1. What do you think of when you hear these words: concern, connect, conquer, and courage. What does each word mean? List worries that you and other kids have, such as pets, storms, bus rides, and friendship troubles. Read poetry and books including Life Doesn't Frighten Me. Talk about Jean-Michel Basquiat’s dramatic illustrations. Brainstorm ways to conquer worries.
2. Build a Worry Warrior. Create an imaginary creature or contraption to help gobble up your worries! Here are some construction ideas. You can use any handy craft materials to make yours. Cut paper to fit a recycled cereal box with Crayola® Scissors. Decorate the paper with Crayola Erasable Markers and Gel Markers. Attach paper with Crayola School Glue. Air-dry the glue.
3. To make a mouth, tape a container with a lid to the box. Tape two decorated craft sticks to the bottom of the box for feet. Cut recycled cardboard into a half circle for a forehead. Draw or glue on plastic caps for eyes and one for a nose. Attach to the box. Poke holes in the head and push in chenille stems or yarn for hair. Poke holes in the box sides and push through craft sticks for arms.
4. Feed your Worry Warrior. With Erasable Markers, write something that bothers you. Put it into your Worry Warrior.
5. Create a Courage Connection. While you imagine that the worry is being digested, make a Courage Connection. Maybe you talked to a friend, family member, or teacher about a worry you faced. When you take the worry back out of the Worry Warrior, erase the worry. Replace it with your idea for conquering your concern--your Courage Connection!
6. If you are comfortable with the idea, share your Courage Connection with other people. You may be helping them to conquer their concerns! Save your Courage Connections in a notebook--they might encourage you in the future!
Adult supervision is required for any arts & crafts project. Observe children closely and intervene as necessary to prevent potential safety problems and ensure appropriate use of arts and crafts materials. Some craft items, particularly beads and buttons, are potential choking hazards for young children. Avoid use of such small parts with children younger than 3 years. Craft items such as scissors, push pins and chenille sticks may have sharp points or edges. Avoid use of materials with sharp points by children younger than 4 years. Read all manufacturers' safety warnings before using arts and craft supplies.
Recycled Containers—Must be clean and safe. Do not use containers that contained bleach or other harmful chemicals (for example, household cleaners, dishwasher or laundry detergents). Do not use recycled metal cans that have sharp edges (for example, lids removed by household can openers).
Scissors—ATTENTION: The cutting edges of scissors are sharp and care should be taken whenever cutting or handling. Blunt-tip scissors should be used only by children 4 years and older.
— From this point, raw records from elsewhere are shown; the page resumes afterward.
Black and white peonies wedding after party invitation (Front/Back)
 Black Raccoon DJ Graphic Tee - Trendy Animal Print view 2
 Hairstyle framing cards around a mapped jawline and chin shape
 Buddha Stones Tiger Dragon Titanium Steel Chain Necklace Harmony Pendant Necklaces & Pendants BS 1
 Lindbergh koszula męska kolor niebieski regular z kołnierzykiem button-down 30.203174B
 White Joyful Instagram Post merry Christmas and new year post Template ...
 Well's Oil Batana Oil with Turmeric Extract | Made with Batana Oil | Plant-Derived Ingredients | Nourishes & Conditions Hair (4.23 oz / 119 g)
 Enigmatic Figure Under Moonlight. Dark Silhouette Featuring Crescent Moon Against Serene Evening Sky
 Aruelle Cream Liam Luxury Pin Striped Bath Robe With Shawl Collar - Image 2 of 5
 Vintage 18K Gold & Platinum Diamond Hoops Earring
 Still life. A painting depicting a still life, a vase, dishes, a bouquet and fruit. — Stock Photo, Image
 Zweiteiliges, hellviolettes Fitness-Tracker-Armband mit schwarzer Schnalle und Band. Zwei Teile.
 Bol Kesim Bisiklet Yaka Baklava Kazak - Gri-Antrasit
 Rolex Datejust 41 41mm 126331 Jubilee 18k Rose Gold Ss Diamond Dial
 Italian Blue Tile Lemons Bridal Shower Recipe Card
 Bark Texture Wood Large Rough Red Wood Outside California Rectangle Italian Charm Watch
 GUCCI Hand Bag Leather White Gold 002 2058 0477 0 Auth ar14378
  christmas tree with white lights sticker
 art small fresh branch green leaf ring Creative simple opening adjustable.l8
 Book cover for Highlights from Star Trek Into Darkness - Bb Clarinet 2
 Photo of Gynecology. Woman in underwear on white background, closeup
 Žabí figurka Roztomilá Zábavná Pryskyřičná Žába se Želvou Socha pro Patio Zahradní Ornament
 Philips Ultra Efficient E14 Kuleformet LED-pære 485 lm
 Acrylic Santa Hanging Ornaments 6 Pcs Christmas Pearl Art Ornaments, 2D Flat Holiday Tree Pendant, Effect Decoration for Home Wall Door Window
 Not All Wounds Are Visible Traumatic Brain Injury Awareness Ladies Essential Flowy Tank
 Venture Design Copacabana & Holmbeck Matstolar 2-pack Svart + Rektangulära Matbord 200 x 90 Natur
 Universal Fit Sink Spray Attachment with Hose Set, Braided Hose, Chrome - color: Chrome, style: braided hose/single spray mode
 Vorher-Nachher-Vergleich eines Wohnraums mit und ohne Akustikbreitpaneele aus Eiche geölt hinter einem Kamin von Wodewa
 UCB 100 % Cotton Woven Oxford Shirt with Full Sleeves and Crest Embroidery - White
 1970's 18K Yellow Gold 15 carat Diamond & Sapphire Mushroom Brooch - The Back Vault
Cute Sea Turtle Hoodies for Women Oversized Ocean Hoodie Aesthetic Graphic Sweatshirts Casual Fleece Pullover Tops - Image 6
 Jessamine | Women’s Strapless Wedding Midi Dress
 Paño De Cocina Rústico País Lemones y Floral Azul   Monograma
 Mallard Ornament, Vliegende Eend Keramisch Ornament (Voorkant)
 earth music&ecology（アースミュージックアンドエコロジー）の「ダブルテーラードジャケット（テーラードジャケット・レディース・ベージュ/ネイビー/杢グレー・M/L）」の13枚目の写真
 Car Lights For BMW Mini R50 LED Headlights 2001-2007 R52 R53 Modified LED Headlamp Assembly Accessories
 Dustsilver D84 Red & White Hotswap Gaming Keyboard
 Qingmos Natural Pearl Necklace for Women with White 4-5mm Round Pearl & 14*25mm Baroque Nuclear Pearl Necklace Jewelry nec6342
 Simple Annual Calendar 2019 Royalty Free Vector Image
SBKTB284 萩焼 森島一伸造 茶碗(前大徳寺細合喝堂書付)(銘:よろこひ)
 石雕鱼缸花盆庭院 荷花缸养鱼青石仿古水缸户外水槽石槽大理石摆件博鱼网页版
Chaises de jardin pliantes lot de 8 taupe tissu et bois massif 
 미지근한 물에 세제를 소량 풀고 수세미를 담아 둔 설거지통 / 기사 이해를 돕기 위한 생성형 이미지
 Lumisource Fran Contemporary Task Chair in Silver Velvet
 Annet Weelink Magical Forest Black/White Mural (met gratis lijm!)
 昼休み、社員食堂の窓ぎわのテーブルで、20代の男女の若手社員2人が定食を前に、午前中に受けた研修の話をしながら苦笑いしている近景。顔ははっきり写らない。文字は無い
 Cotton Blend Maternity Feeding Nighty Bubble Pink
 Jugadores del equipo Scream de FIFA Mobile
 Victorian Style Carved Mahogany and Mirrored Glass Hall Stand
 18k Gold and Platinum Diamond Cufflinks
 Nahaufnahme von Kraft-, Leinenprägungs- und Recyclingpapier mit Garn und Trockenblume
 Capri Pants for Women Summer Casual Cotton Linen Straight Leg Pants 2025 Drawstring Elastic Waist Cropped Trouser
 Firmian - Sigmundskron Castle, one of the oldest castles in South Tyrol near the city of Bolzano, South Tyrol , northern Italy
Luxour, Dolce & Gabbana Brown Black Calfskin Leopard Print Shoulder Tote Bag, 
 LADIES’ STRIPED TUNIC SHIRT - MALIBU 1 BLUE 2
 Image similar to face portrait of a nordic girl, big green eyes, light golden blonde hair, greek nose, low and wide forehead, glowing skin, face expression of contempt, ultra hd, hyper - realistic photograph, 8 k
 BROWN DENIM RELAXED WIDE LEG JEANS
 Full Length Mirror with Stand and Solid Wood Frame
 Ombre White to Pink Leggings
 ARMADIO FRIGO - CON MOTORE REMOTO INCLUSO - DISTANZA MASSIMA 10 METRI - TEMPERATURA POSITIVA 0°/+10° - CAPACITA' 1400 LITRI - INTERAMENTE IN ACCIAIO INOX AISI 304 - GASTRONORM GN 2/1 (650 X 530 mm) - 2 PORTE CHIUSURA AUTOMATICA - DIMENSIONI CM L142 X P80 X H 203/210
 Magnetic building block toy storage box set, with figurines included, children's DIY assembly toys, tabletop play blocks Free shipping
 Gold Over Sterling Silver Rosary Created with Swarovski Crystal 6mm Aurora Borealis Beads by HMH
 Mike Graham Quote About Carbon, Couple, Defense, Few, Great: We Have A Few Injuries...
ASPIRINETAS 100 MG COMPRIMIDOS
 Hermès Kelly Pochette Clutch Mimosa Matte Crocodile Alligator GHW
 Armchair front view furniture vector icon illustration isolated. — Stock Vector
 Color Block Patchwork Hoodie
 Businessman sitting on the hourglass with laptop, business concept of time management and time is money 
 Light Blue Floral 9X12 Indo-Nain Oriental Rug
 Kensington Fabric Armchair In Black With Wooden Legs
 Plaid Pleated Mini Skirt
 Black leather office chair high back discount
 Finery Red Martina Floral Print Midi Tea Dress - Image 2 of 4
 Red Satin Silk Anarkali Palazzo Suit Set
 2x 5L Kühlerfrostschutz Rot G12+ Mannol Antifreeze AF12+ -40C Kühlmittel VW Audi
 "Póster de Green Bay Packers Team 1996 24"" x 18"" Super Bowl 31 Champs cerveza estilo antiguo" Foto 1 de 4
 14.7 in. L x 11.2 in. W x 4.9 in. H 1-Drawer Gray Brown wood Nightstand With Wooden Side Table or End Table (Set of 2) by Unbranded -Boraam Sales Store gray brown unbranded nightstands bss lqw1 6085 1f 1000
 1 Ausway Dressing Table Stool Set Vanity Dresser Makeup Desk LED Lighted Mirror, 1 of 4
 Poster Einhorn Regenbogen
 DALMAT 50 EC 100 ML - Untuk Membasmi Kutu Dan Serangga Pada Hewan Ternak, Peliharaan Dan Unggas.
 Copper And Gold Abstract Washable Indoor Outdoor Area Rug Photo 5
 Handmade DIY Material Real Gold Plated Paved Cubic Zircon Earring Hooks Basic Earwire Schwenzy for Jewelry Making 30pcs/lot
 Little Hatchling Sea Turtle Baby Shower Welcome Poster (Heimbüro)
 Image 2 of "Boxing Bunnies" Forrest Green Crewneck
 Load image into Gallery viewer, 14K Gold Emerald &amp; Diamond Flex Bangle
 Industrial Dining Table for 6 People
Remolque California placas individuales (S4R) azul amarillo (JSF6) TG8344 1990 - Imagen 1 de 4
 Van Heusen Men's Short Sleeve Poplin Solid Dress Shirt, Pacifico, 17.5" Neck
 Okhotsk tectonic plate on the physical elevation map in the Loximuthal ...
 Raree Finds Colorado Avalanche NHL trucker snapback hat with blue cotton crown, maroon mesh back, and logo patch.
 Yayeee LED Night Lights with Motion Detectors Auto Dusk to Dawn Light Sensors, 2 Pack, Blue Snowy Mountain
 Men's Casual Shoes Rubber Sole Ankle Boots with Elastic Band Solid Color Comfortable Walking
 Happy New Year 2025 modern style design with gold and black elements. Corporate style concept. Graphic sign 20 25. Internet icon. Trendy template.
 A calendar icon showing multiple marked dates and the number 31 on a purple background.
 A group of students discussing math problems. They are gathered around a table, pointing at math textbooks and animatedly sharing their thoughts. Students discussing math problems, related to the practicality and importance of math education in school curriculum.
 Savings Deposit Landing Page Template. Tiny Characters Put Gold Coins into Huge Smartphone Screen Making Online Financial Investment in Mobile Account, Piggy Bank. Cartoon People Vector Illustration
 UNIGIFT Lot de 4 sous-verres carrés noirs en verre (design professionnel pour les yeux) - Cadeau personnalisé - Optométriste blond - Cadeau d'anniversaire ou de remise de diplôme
Pointed-tip scissors should be used only by children 6 years and older.
Wood—By its nature, wood is rough and may contain splinters or sharp points
- Hold a "Worry Feast" for your Worry Warriors. Feed them common group concerns, like worrying about bullies, making mistakes, and starting a new school year. Work together to make Courage Connections responding to each kind of worry.
- Children with special needs might partner with other children who are differently-abled or older while building Worry Warriors.
- Assessment: Role play possible solutions to common worries. Ask children to try out as many positive solutions as they can think of for each one.